One of these factories belongs to Ultra Milk and Teh Kotak producer Ultra Jaya. Tjatur claims the murky water from the pipe mixes with wastewater from towel manufacturer Sumber Mekar Tekstil Indonesia, located next toUltrajaya's manufacturing facility. "We don't produce liquid waste. We only sew," said Rudi, a human resources employee at Sumber Mekar.
In addition to the pipe inside the irrigation trench, Ultrajaya has two more pipes with a 100-meter distance between them. The second pipe, made of concrete, releases milky white liquid. The third pipe, located at the end of the paddy field area, dispenses brown water.
Tjatur admitted that all three pipes belong to Ultrajaya. The second pipe is for disposing mixed waste from the factory, while the third pipe, connected to the wastewater treatment plant (IPAL), is for disposing liquid waste.

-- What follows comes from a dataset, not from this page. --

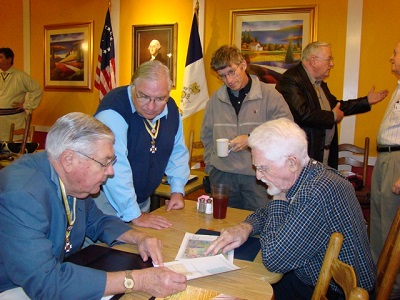 Members converse prior to a monthly meeting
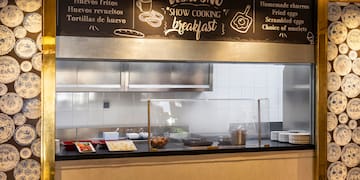 a kitchen with a sign above it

Tjatur showed a letter extending the company's IPAL permit, issued by the West Java Environmental Agency on September 17, 2017.
According to the letter, Ultrajaya is allowed to have one waste disposal pipe, which is the third pipe connected to IPAL. Tjatur could not explain the remaining two pipes' statuses. He invited Tempo to observe the IPAL facility at a separate location. Tjatur maintains that Ultrajaya treats its waste in accordance with regulations and disposes of it using the third pipe.

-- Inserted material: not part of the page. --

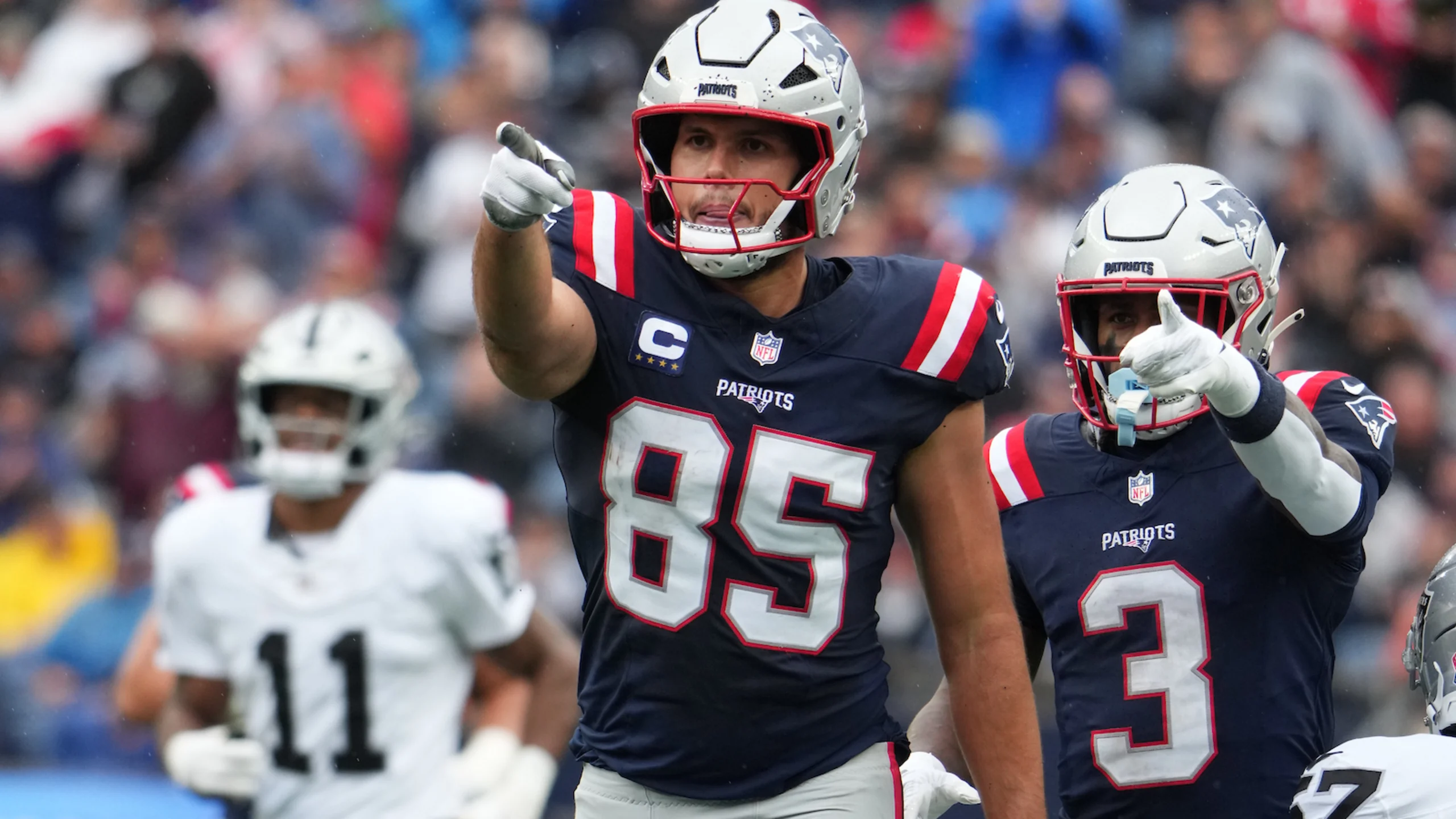 New England Patriots tight end Hunter Henry catches a pass during NFL game, celebrating his milestone 200th career reception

Ultrajaya's waste treatment and environment manager, who was present during the test, tried to convince Tempo that his company's wastewater was neutral. He proceeded to rinse his mouth and perform the wudhu (ablution), an Islamic cleansing ritual performed before prayers, using the wastewater. "This is proof that the water is safe," he said with a soaked face.
According to the West Java Environmental Agency, Ultrajaya is the second largest waste producer in West Bandung. On a daily basis, the dairy company produces 2,000 cubic meters of wastewater that requires treatment before it is disposed of in the river.
Water from the many tributaries and trenches ends up in Citarum River. Meanwhile, factories in the surrounding areas dump wastewater into these tributaries. Out of the 2,800 factories in the province, 1,700 produce liquid waste and dispose of it in the Citarum River. The Environment Agency found that 90 percent of textile factories do not have an IPAL.